[GIVEN DATA]
= = = =
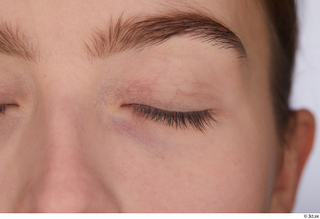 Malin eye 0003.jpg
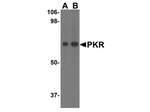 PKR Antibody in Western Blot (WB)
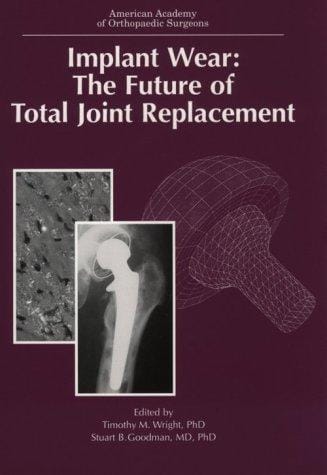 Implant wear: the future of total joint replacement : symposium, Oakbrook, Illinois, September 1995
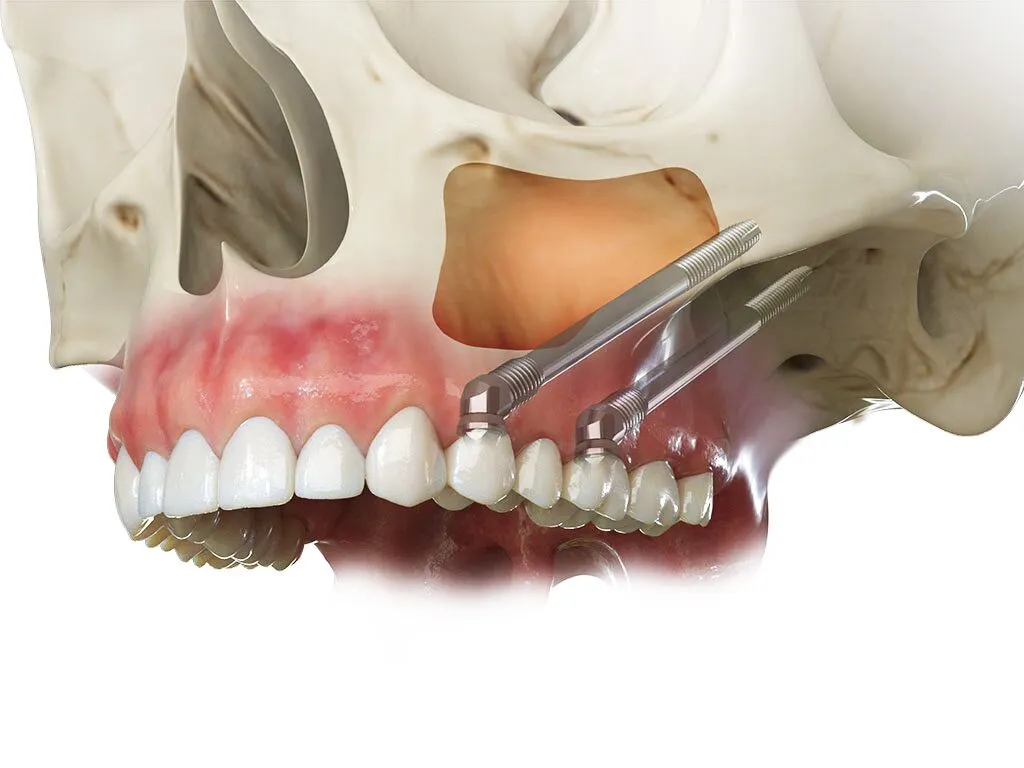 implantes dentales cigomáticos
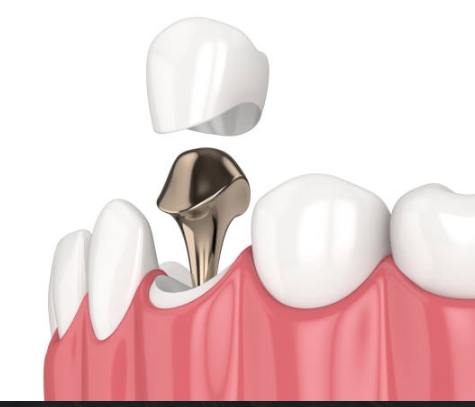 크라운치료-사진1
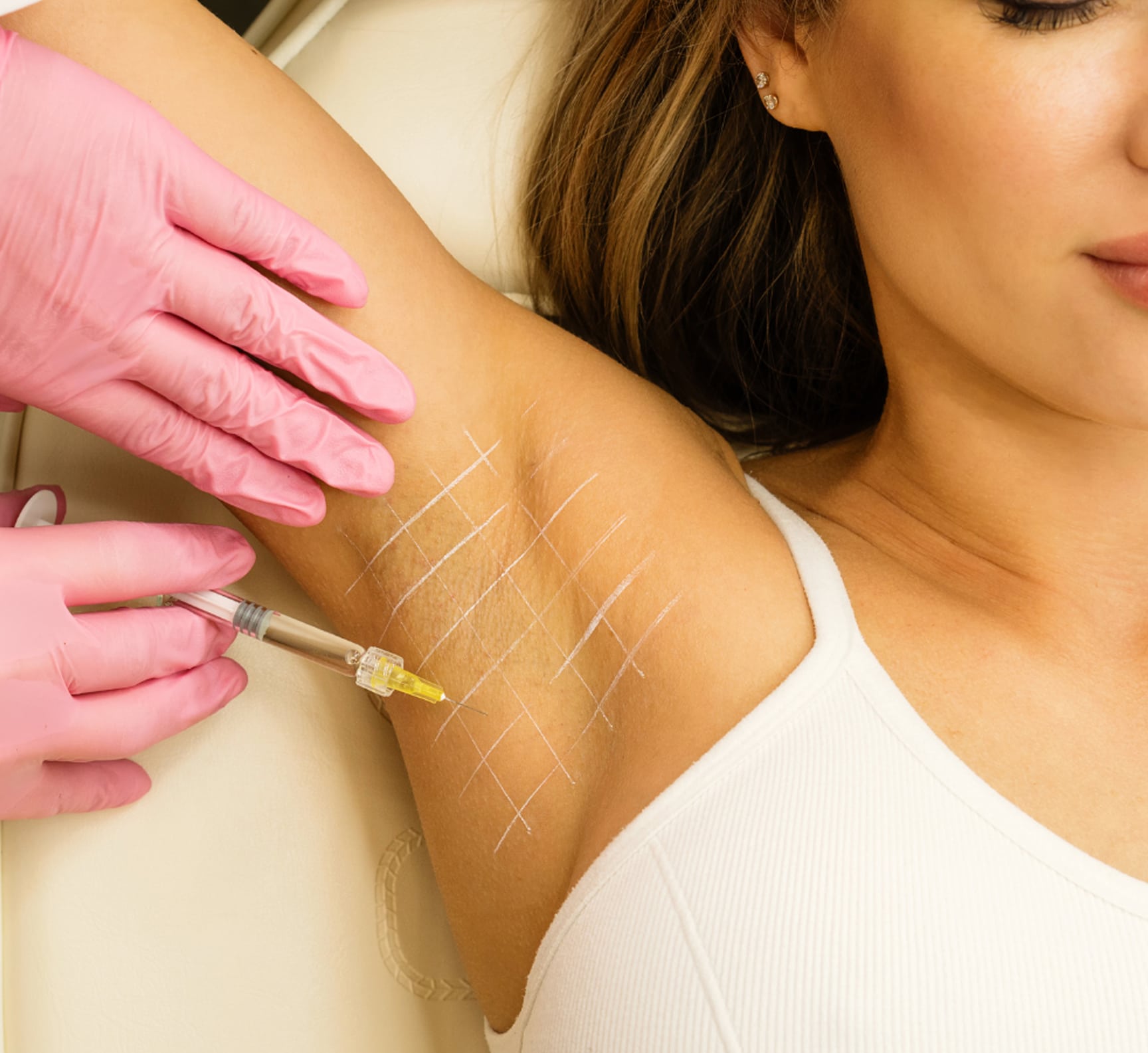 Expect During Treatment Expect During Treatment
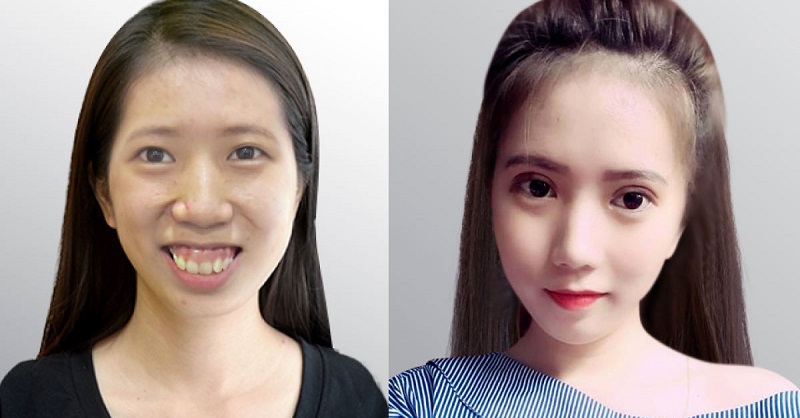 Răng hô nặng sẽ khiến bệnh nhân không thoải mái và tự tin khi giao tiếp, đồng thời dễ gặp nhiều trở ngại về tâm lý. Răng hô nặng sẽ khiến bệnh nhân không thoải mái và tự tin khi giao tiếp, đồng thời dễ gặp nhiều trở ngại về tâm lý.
= = = =
[WHAT THE TASK ASKS] Every line above is to be repeated exactly, but no picture is to appear in the copy.

[RESULT BELOW]
 Malin eye 0003.jpg
 PKR Antibody in Western Blot (WB)
 Implant wear: the future of total joint replacement : symposium, Oakbrook, Illinois, September 1995
 implantes dentales cigomáticos
 크라운치료-사진1
 Expect During Treatment Expect During Treatment
 Răng hô nặng sẽ khiến bệnh nhân không thoải mái và tự tin khi giao tiếp, đồng thời dễ gặp nhiều trở ngại về tâm lý. Răng hô nặng sẽ khiến bệnh nhân không thoải mái và tự tin khi giao tiếp, đồng thời dễ gặp nhiều trở ngại về tâm lý.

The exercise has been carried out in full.